Oser la pluralité linguistique mondiale
Le monde d’aujourd’hui, contrairement à ce qu’affirment les anglomanes, ne se limite pas à l’anglais. Cette langue n’est ni la première, ni la seconde langue la plus parlée sur cette planète. C’est la langue des lieux communs et des affaires simplement parce que les États-Unis constituent encore – et ce règne achève – la première économie mondiale.
Hier, c’était l’empire britannique; aujourd’hui, l’empire globalisé d’une monoculture avilissante et irrespectueuse des peuples. Pour ceux qui méprisent les identités nationales, hier comme aujourd’hui, la survivance d’un peuple unique et authentique au nord de l’Amérique constituera toujours la pire des hérésies, et encore davantage s’il refuse la soi-disant suprématie de la langue anglaise. Nous avons su nous libérer, même partiellement, de Britanniques qui possédaient presque la moitié du monde. Ne croyons pas qu’il serait impossible, pour nous, de faire la même chose dans le contexte global actuel où les peuples ont plus besoin que jamais d’affirmer leurs identités respectives.
Le monde de demain, ne serait-ce qu’avec la montée de la Chine, de l’Inde et d’autres pays, sera pluriel, et un Québec résolument français sera le témoin de la capacité pour des langues plus faibles à fleurir dans un monde de diversité culturelle et de pluralité linguistique.

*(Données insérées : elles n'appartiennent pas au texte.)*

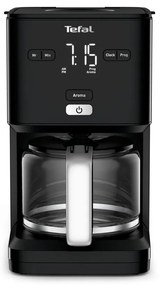 Macchina da caffè con filtro nero Smart'n'light CM600810 - Tefal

Un monde où, l’identité collective de chaque peuple étant bien assurée grâce au pouvoir d’un fort État démocratique assurant la cohésion linguistique, il sera possible de s’ouvrir réellement aux autres peuples, à leurs langues, à leurs cultures, à leurs identités propres, où ceux-ci, ne constituant plus une menace, enrichiront effectivement l’identité de chacun.
En attendant, si on commençait par mettre fin aux privilèges injustifiés des anglophones habitant sur notre territoire, à commencer par le sur-financement de leurs institutions ou le bilinguisme des services gouvernementaux?
Nous sommes à l’avant-garde de la défense des langues nationales.
En 1977 comme aujourd’hui, le monde nous regarde. À nous d’agir et de rendre le français aussi indispensable, incontournable au Québec que l’est l’anglais dans le reste du Canada.
Au nom de la survie du français et de l’espoir que celui-ci peut inspirer aux autres langues dominées, osons un Québec unilingue français!